Dernière mise à jour : 25 mars 2022

On est nombreux à avoir cette idée en tête : Le froid, ça rend malade et c’est inconfortable. Ca peut même tuer !

Le froid, nous le côtoyons la moitié de l'année mais au-delà des "on-dit", le connaissons-nous vraiment bien?


Il est évident qu’un froid trop intense ou trop prolongé est dangereux, car il provoque des blessures localisées telles que les engelures, ou une réduction globale de la température du corps (hypothermie) aux conséquences funestes.

Dans un environnement sans vent, ce risque apparait lorsque les températures sont négatives. Ce qui laisse une certaine marge.

Sources: INRS, trimestriel Références en santé au travail n°160, décembre 2019, page 37 [https://www.inrs.fr/dms/inrs/CataloguePapier/DMT/TI-TC-167/tc167.pdf]

Mais quel est l’impact sur notre santé d’un froid modéré ? Est-il vraiment néfaste ? Et si, grâce à lui, notre corps se trouvait renforcé ?


Voyons ce que dit la science des impacts du froid "doux" sur notre santé.


L’équipe du professeur van Marken Lichtenbelt de l’Université de Maastricht travaille sur ce sujet depuis longtemps, et a produit de nombreuses publications. En particulier, un review particulièrement clair en 2017, sur lequel se base cet article[1].


Les auteurs se concentrent sur les effets bénéfiques de l’exposition au froid "doux". Ce froid "doux" est défini comme étant celui qui ne va pas jusqu'à nous faire trembler, frissonner, soit toutes les ambiances sous « la norme » de 19-20°C avec un minimum estimé entre 14 et 16°C pour un adulte normalement vêtu et en bonne santé (Celi et al., 2010). Difficile d’être très précis, car il y a une grande variabilité entre individus, ainsi qu’une capacité du corps à s’adapter à des températures fraîches répétées. Globalement, on parle donc ici de toutes ces ambiances qui seront décrites comme froides ou fraîches, dans lesquelles le corps réagit à une température basse, notamment par une augmentation du métabolisme, mais sans aller jusqu’à déclencher ce mouvement involontaire caractéristique qu’est le frissonnement. On est donc dans des formes adaptations physiologiques moins perceptibles, et donc moins gênantes a priori.

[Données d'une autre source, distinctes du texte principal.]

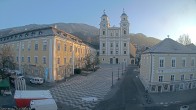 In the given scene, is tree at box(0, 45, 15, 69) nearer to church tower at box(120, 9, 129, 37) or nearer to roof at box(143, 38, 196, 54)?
roof at box(143, 38, 196, 54)

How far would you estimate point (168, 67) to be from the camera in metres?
30.0

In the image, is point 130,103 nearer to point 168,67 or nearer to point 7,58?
point 168,67

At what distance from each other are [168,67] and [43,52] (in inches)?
786

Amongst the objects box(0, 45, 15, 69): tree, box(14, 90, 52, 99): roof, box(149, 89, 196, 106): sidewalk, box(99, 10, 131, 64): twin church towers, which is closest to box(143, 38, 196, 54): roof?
box(149, 89, 196, 106): sidewalk

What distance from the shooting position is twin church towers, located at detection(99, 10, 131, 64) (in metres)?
73.8

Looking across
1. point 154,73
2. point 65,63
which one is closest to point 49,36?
point 65,63

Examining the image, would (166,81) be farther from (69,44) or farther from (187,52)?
(69,44)

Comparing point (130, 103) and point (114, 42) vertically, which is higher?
point (114, 42)

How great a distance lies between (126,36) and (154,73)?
150 ft

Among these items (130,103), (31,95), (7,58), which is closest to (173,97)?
(130,103)

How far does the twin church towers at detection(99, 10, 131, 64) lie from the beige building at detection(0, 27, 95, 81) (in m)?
32.2

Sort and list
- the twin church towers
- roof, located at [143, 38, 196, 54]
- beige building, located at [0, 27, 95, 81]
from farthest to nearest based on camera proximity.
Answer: the twin church towers < beige building, located at [0, 27, 95, 81] < roof, located at [143, 38, 196, 54]

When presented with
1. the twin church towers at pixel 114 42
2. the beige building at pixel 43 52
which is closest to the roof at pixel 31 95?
the beige building at pixel 43 52

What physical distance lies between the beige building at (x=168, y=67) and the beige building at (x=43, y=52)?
1516cm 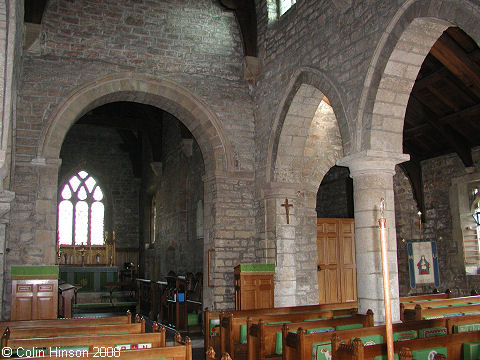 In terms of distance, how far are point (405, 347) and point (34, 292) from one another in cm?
574

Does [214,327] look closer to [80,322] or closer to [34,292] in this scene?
[80,322]

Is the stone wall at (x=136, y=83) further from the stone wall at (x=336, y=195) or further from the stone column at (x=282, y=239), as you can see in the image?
the stone wall at (x=336, y=195)

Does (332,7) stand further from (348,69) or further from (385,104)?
(385,104)

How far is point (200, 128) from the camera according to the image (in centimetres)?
945

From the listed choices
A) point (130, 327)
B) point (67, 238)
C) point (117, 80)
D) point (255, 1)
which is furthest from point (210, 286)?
point (67, 238)

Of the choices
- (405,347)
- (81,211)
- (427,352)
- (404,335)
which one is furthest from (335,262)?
(81,211)

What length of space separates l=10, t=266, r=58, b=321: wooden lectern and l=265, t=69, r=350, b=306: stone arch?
350 centimetres

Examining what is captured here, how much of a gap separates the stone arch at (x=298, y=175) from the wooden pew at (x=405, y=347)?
155 inches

Les études auxquelles ces chercheurs font référence dans leur review, dont beaucoup ont été réalisées par leur équipe, se basent sur l’exposition de volontaires à des cycles de températures fluctuant entre les ambiances « classiques » et des situations plus froides, en général plusieurs heures par jour pendant quelques semaines. Pour cela, les volontaires sont invités à passer une partie de leur journée dans des chambres climatiques, c’est-à-dire des locaux dans lesquels les conditions d’ambiance sont contrôlées avec précisions. Leur habillement, niveau d’activité, etc. sont alors mesurés, ainsi que différents paramètres physiologiques.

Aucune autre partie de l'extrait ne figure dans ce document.